→ Exercise description
Print exactly the lines below between the line containing "Угловой диван с" and the line containing "mexican rice and", counting both of those lines. Leave pictures out.

→ Data in this exercise
+ + + + + + +
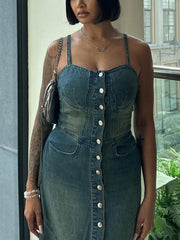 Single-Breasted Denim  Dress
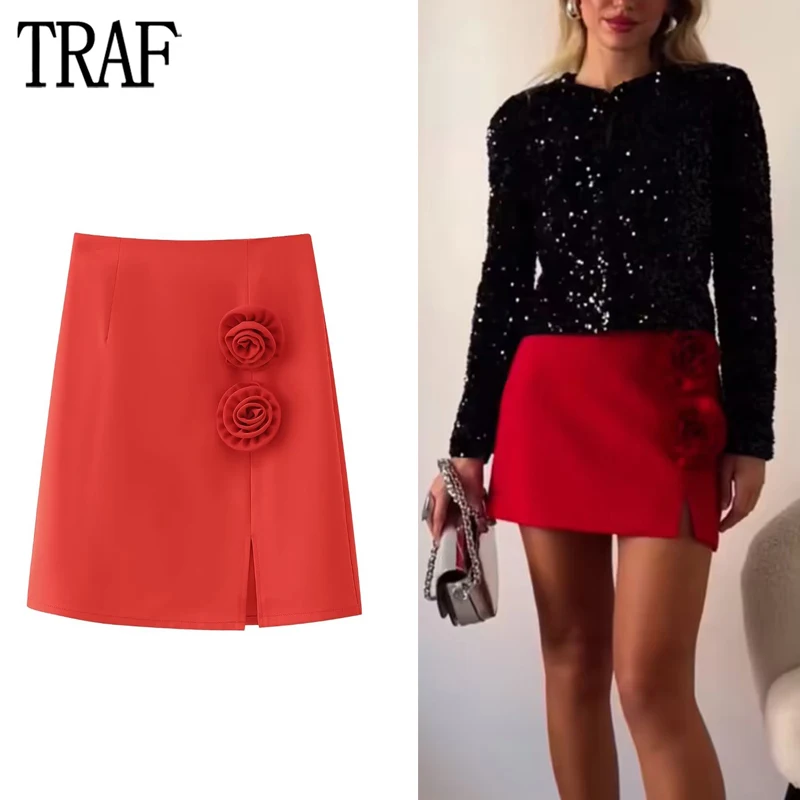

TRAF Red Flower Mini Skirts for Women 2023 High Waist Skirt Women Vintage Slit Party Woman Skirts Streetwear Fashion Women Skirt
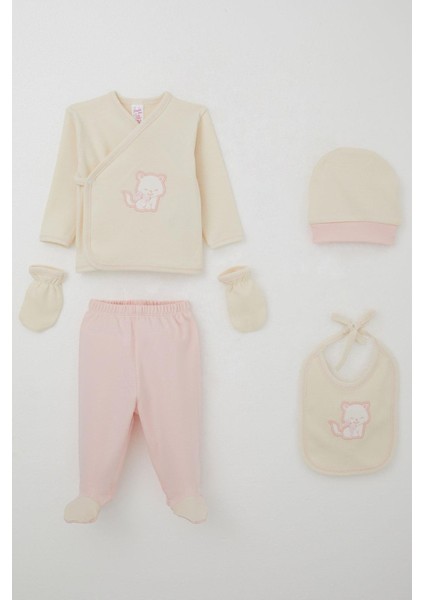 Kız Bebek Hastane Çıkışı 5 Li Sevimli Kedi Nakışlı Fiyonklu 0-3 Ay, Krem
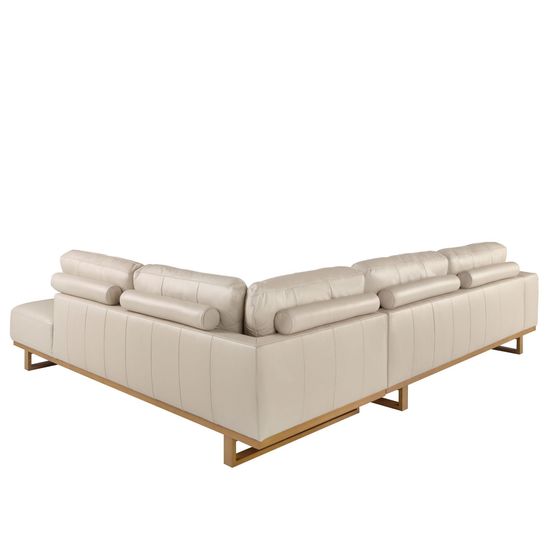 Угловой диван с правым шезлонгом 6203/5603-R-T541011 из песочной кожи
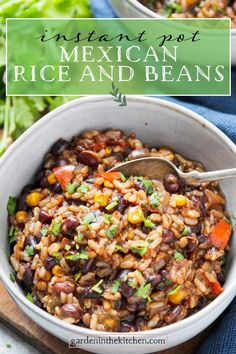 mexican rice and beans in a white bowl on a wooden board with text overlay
+ + + + + + +
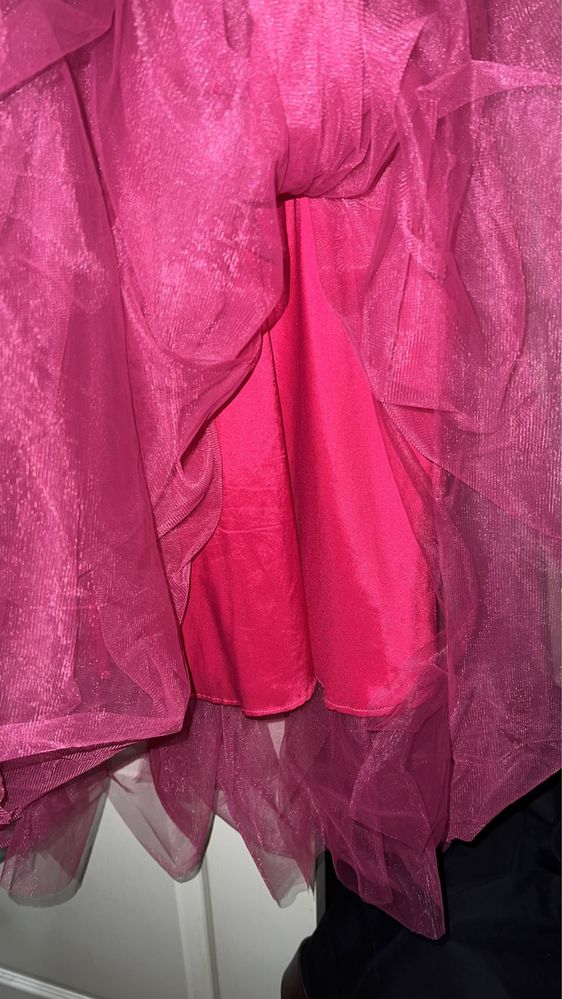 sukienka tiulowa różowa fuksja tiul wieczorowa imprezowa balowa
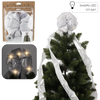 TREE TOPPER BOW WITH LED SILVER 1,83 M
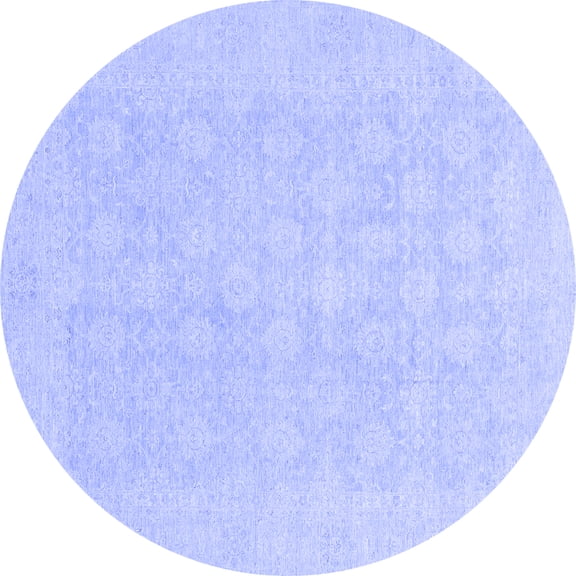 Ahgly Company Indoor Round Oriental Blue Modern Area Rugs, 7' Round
+ + + + + + +
→ Answer to the exercise
 Угловой диван с правым шезлонгом 6203/5603-R-T541011 из песочной кожи
 mexican rice and beans in a white bowl on a wooden board with text overlay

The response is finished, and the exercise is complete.